AbstractStringBuilder ：StringBuffer類與StringBuilder類都繼承了AbstractStringBuilder，抽象父類里實現了除toString以外的所有方法。
StringBuilder：自己重寫了方法之后，全都在方法內super.function()，未做任何擴展。同時從類名語義上來說String構建者，所以沒有subString方法看來也合情合理；
StringBuffer：在重寫方法的同時，幾乎所有方法都添加了synchronized同步關鍵字；

常量與變量解釋

String類是依賴一個私有字符常量表實現的；

public final class String
    implements java.io.Serializable, Comparable<String>, CharSequence {
    /** The value is used for character storage. */
    private final char value[];

View Code

StringBuffer與StringBuilder都是繼承AbstractStringBuilder，然而AbstractStringBuilder類是依賴一個字符變量表實現的；

abstract class AbstractStringBuilder implements Appendable, CharSequence {
    /**
     * The value is used for character storage.
     */
    char[] value;

View Code

線程安全分析

為什么String是線程安全的？
首先，String是依賴字符常量表實現的；
其次，所有對String發生修改的方法返回值都是一個新的String對象，沒有修改原有對象；
示例：

    public String replace(char oldChar, char newChar) {
        if (oldChar != newChar) {
            int len = value.length;
            int i = -1;
            char[] val = value; /* avoid getfield opcode */
            while (++i < len) {
                if (val[i] == oldChar) {
                    break;
                }
            }
            if (i < len) {
                char buf[] = new char[len];
                for (int j = 0; j < i; j++) {
                    buf[j] = val[j];
                }
                while (i < len) {
                    char c = val[i];
                    buf[i] = (c == oldChar) ? newChar : c;
                    i++;
                }
                return new String(buf, true);
            }
        }
        return this;
    }

View Code

為什么實現了以上提到的兩點就是線程安全的呢？

以StringBuilder類append方法為示例，第19行將需要添加的value，通過arraycopy方法復制到dst中。

 AbstractStringBuilder append(AbstractStringBuilder asb) {
        if (asb == null)
            return appendNull();
        int len = asb.length();
        ensureCapacityInternal(count + len);
        asb.getChars(0, len, value, count);//value為char [] value，StringBuilder依賴字符變量表實現
        count += len;
        return this;
    }
    public void getChars(int srcBegin, int srcEnd, char[] dst, int dstBegin)
    {
        if (srcBegin < 0)
            throw new StringIndexOutOfBoundsException(srcBegin);
        if ((srcEnd < 0) || (srcEnd > count))
            throw new StringIndexOutOfBoundsException(srcEnd);
        if (srcBegin > srcEnd)
            throw new StringIndexOutOfBoundsException("srcBegin > srcEnd");
        System.arraycopy(value, srcBegin, dst, dstBegin, srcEnd - srcBegin);
    }

View Code

場景假設：

假設有A、B兩個線程，StringBuilder初始值為"1"；
A線程：執行append("2")；
B線程：執行append("3")；

過程分析：
CPU在執行了部分A線程的邏輯，剛好執行到第19行，此時B線程已經執行完畢；
導致A線程開始執行append("2")時，StringBuilder為"1"；
執行到一半StringBuilder變成了"13"；
最后結果得到為"132"；

過程圖示：

哎，感覺沒能選擇一個較好的例子解釋這個問題。
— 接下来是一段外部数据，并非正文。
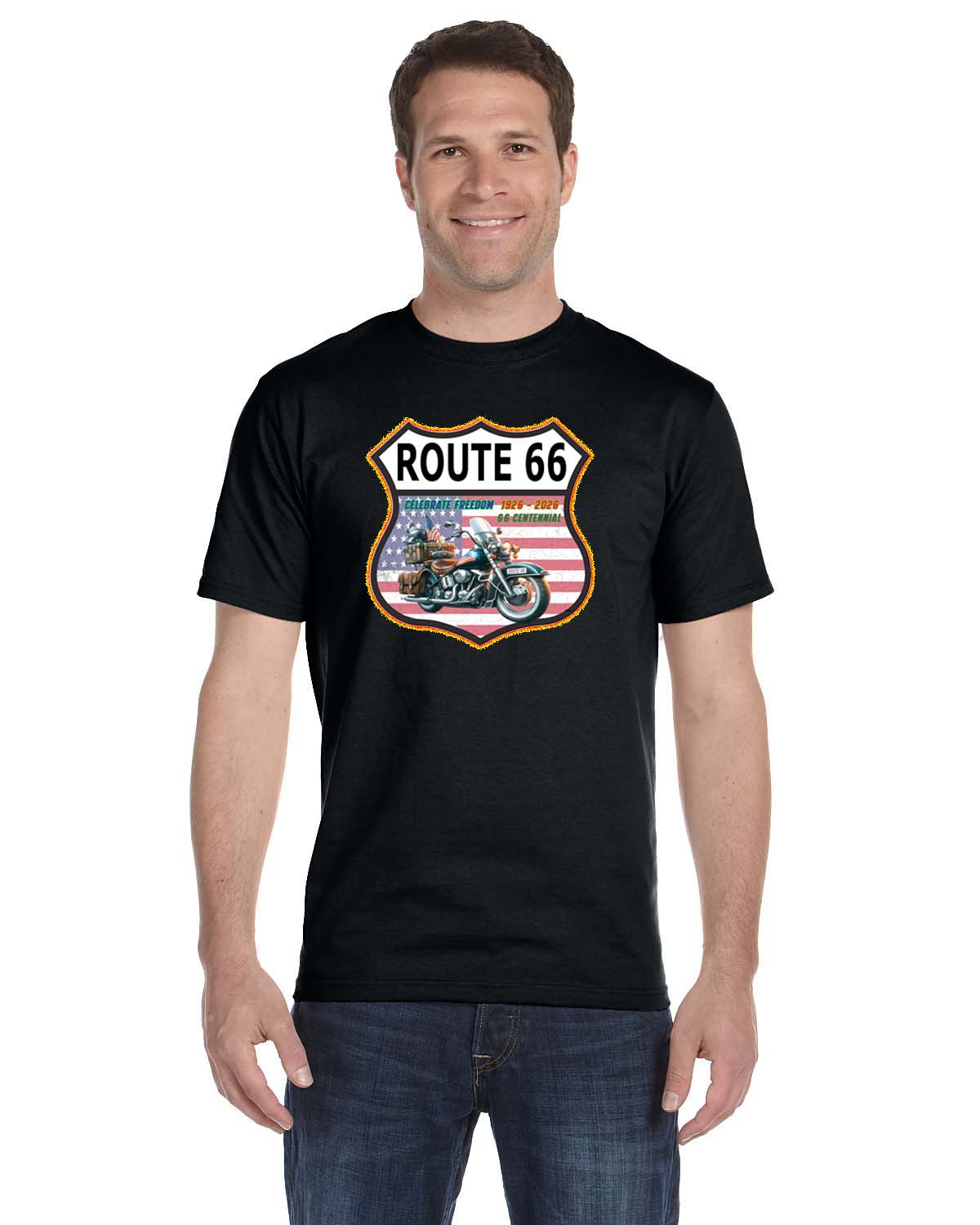 Celebrate Route 66 with Motorcycle Inspired Centennial Graphic T-shirt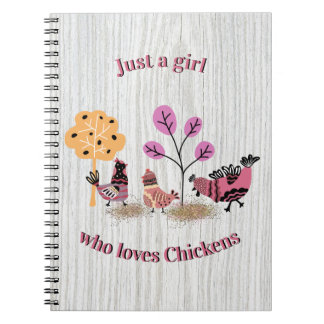 Cuaderno Just A Girl Who Loves Chickens Country Folk Art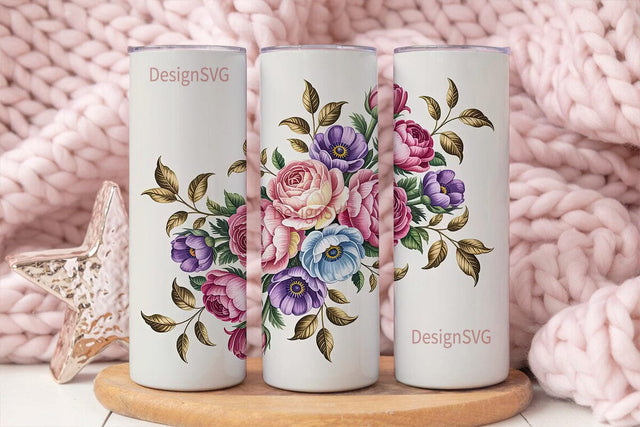 Vintage Floral 20oz Tumbler Wrap Sublimation DesignSVG 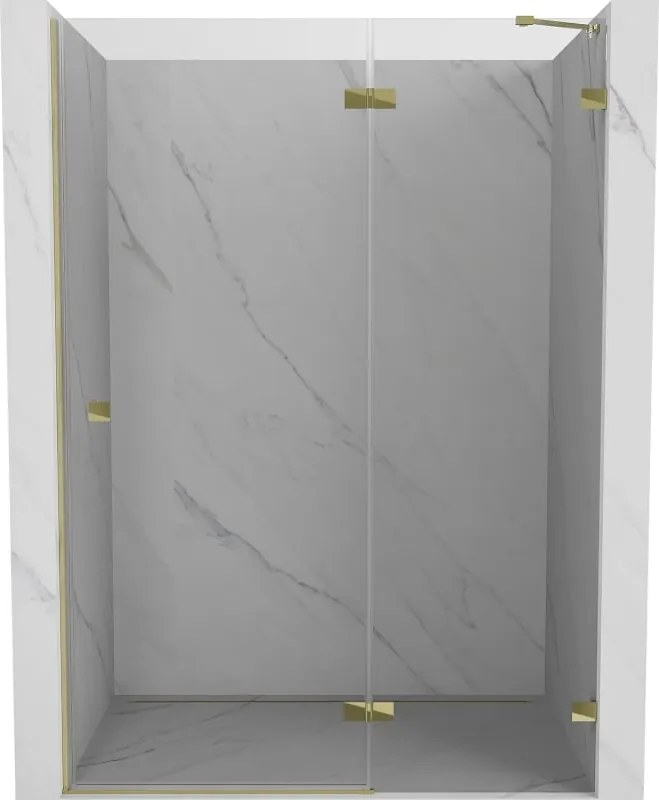 Mexen Lunar douchedeur scharnierend rechts 135 cm, transparant, goud - 834-135-000-50-00-P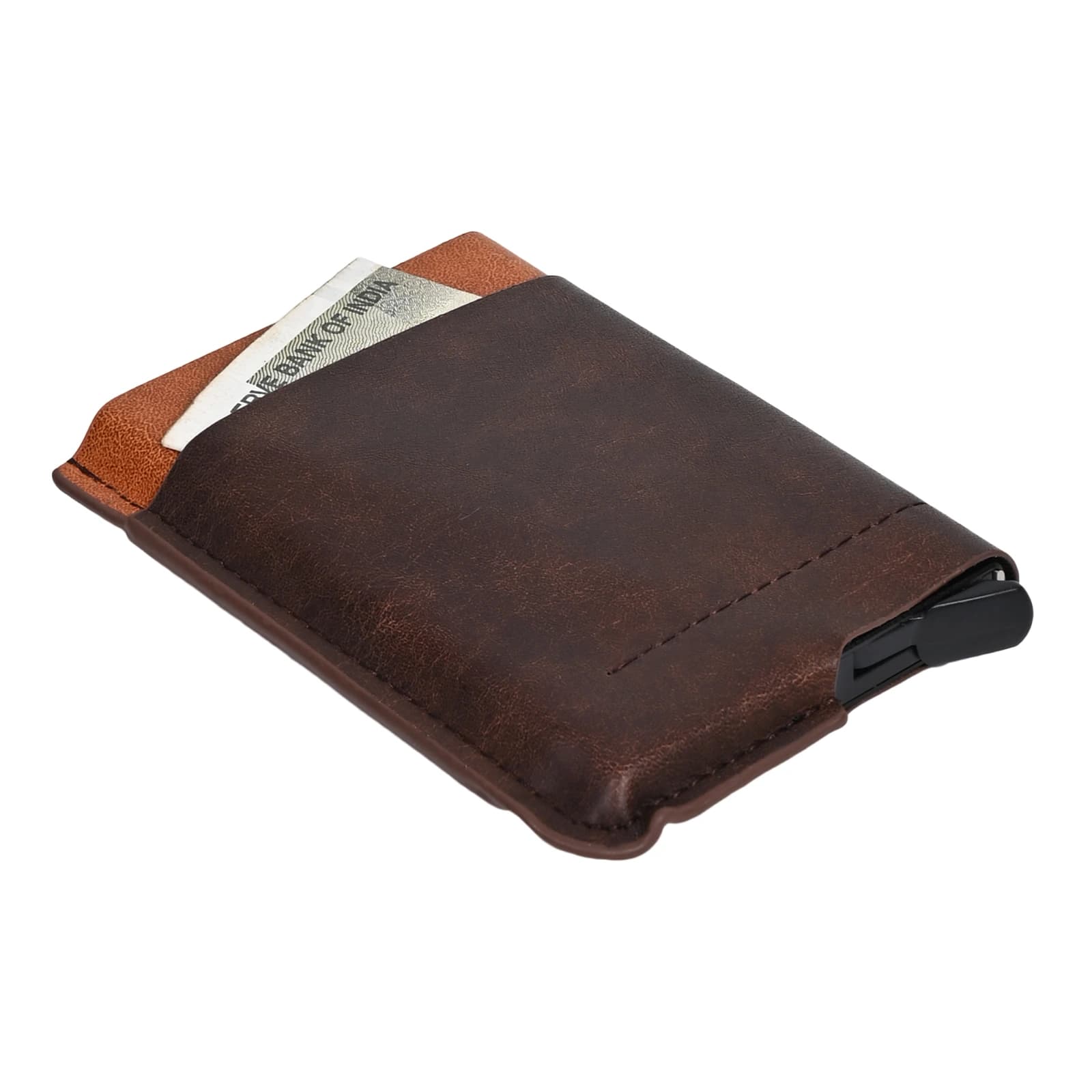 Highlark Automatic Pop-Up RFID Blocking Smart Wallet & Card Holder – Dual-Tone Dark Brown & Tan 4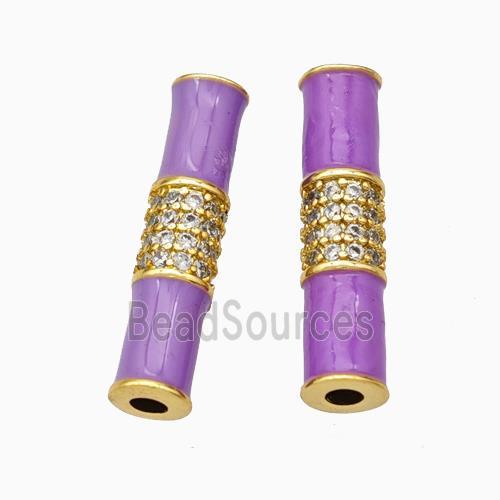 Copper Tube Beads Micropave Zirconia Lavender Enamel White Enamel Gold Plated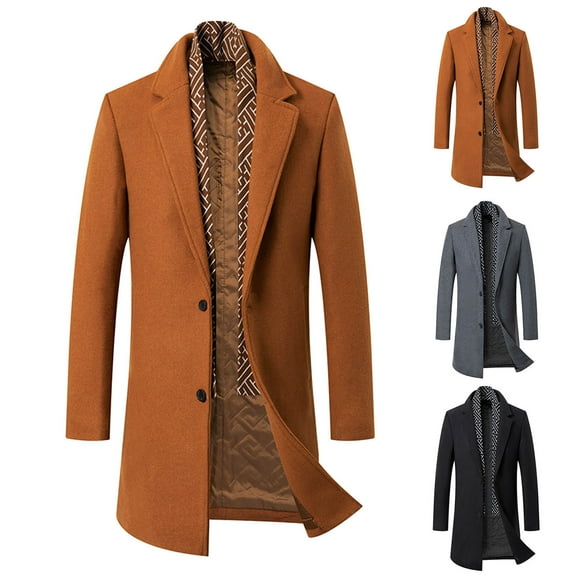 Hinvhai Mens Wool Blend Coat Winter Trench Coat with Detachable Soft Scarf Single Breasted Overcoat Gray 8(XL)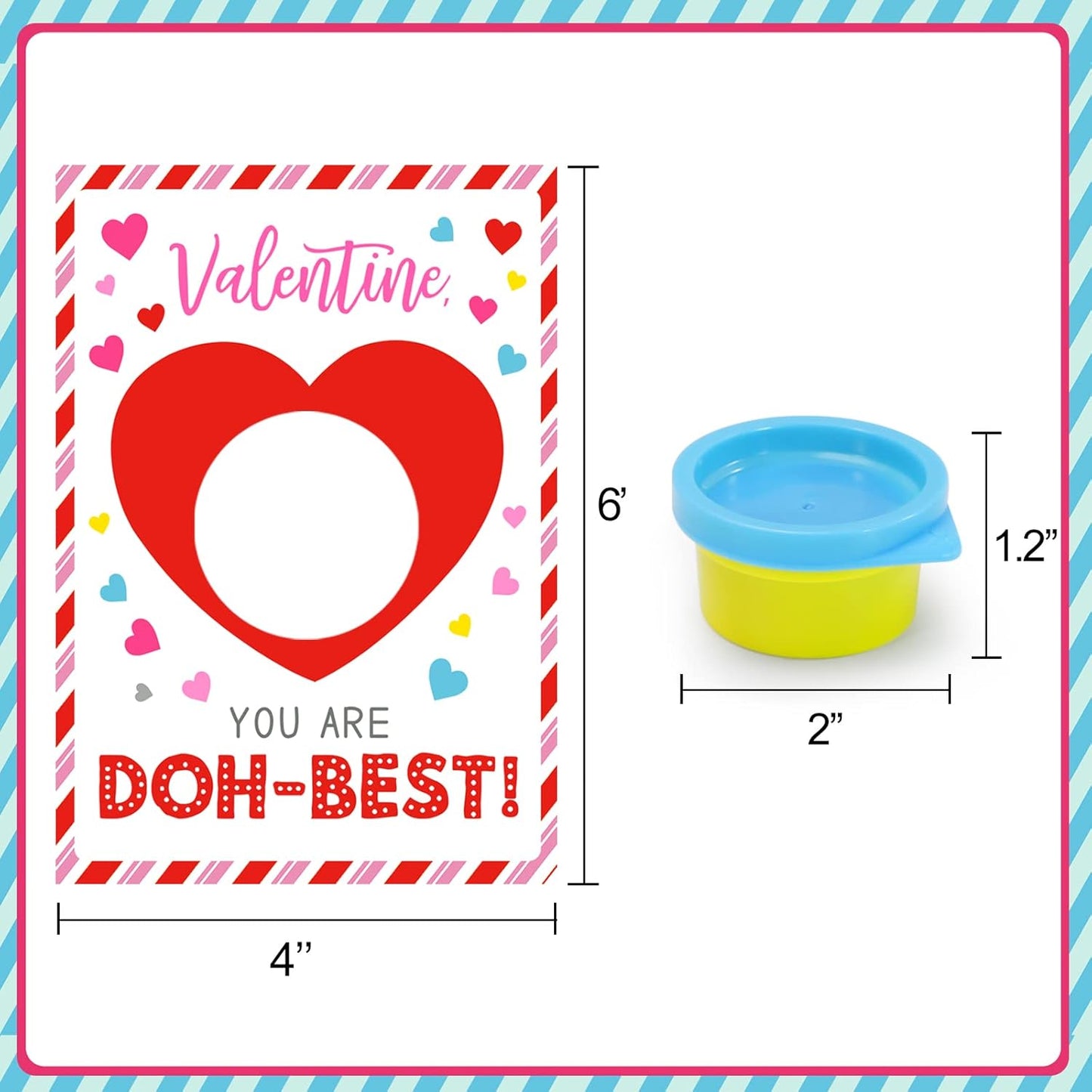 Valentines Day Gifts for Kids - 24 Pack Valentines Cards with Playdough for Kids Classroom Exchange, Valentines Party Favors for School Toddlers Girls Boys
肯定會有一部分同學懂這部分原理的覺得講得太淺，不懂的同學可能依然不明所以。在之后的篇幅中，會仔細講述線程安全這塊內容。

性能分析

常常來說在大家的印象中，String做字符串連接是比較低效的行為。甚至在很多性能優化的經典中，都提到過切莫在迭代中使用字符串拼接操作。
這是為什么呢？
在人們通常的認識中String為常量，對常量做更改時必然需要重新開辟內存空間，以容納新生成的String內容。如果在迭代場景中使用字符串拼接操作，那么就會大量無謂的開辟內存空間，然后在生成新的String對象后，又釋放已丟失引用的String對象。

但是事實真是如此么？

測試代碼：

import java.util.function.Supplier;
/**
 * @auth snifferhu
 * @date 16/9/24 18:50
 */
public class StrTest {
    private final static int TIMES = 30000;// 測試循環次數
    private static Supplier<CharSequence> sigleStringAppend = () -> {
        String tmp = "a" + "b" + "c";
        return tmp;
    };
    private static Supplier<CharSequence> stringAppend = () -> {
        String tmp = "1";
        for (int i = 0; i < TIMES; i++) {
            tmp+= "add";
        }
        return tmp;
    };
    private static Supplier<CharSequence> stringBufferAppend = () -> {
        StringBuffer tmp = new StringBuffer("1");
        for (int i = 0; i < TIMES; i++) {
            tmp.append("add");
        }
        return tmp;
    };
    private static Supplier<CharSequence> stringBuilderAppend = () -> {
        StringBuilder tmp = new StringBuilder("1");
        for (int i = 0; i < TIMES; i++) {
            tmp.append("add");
        }
        return tmp;
    };
    public static void main(String[] args) {
        timerWarpper(sigleStringAppend);
        timerWarpper(stringAppend);
        timerWarpper(stringBufferAppend);
        timerWarpper(stringBuilderAppend);
    }
    public static void timerWarpper(Supplier<CharSequence> supplier){
        Long start = System.currentTimeMillis();
        supplier.get();
        System.out.println(String.format("function [%s] time cost is %s" , 
                supplier.getClass().getCanonicalName() , 
                (System.currentTimeMillis() - start)));
    }
}

View Code

運行結果：

function [com.string.StrTest$$Lambda$1/1198108795] time cost is 0
function [com.string.StrTest$$Lambda$2/1706234378] time cost is 2339
function [com.string.StrTest$$Lambda$3/1867750575] time cost is 1
function [com.string.StrTest$$Lambda$4/2046562095] time cost is 1

從結果看來簡單的String拼接在1毫秒內完成，StringBuffer與StringBuilder耗時為1，String類在迭代拼接操作中消耗了極長的時間為2339毫秒。
能夠得出結論：迭代中使用字符串拼接操作確實是極為消耗時間的操作。

hashCode

String類中將hashCode緩存放在了私有變量hash，算是一種提升性能的手段，因為String本身是常量不會改變，也不擔心hashCode會出錯。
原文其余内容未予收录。